### Problem to solve
Beginning with the line where "Überdachte Terrasse mit Pergola" appears, restate each line word for word until the data ends. Pictures do not go in.

### Information provided
-----
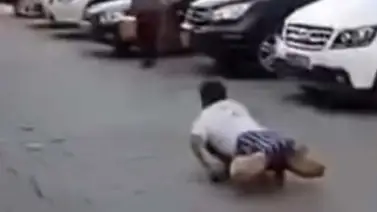 Mendigo fingía no tener piernas y descubren su engaño (+Video) Mendigo fingía no tener piernas y descubren su engaño (+Video)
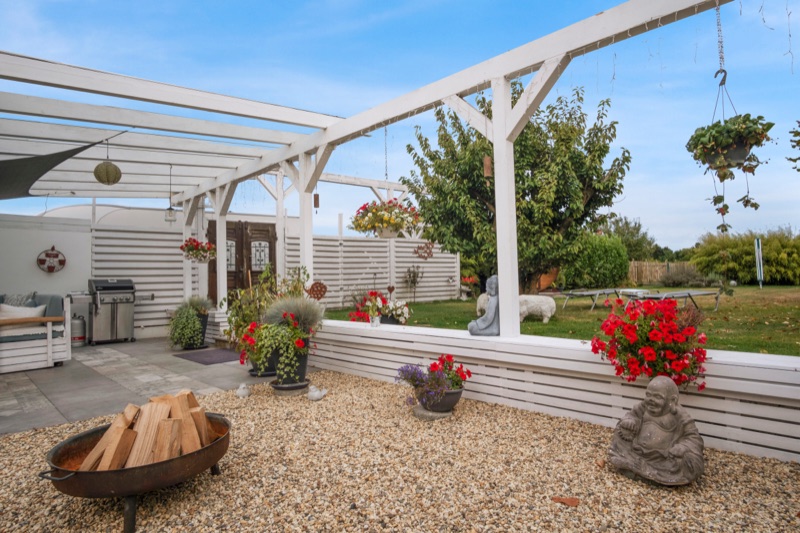 Überdachte Terrasse mit Pergola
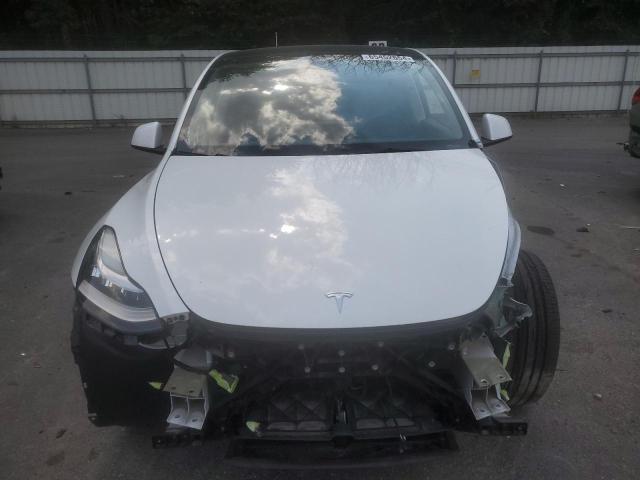 Photo 4 VIN: 7SAYGDEEXNF457985 - TESLA MODEL Y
-----
### Solution to this problem
 Überdachte Terrasse mit Pergola
 Photo 4 VIN: 7SAYGDEEXNF457985 - TESLA MODEL Y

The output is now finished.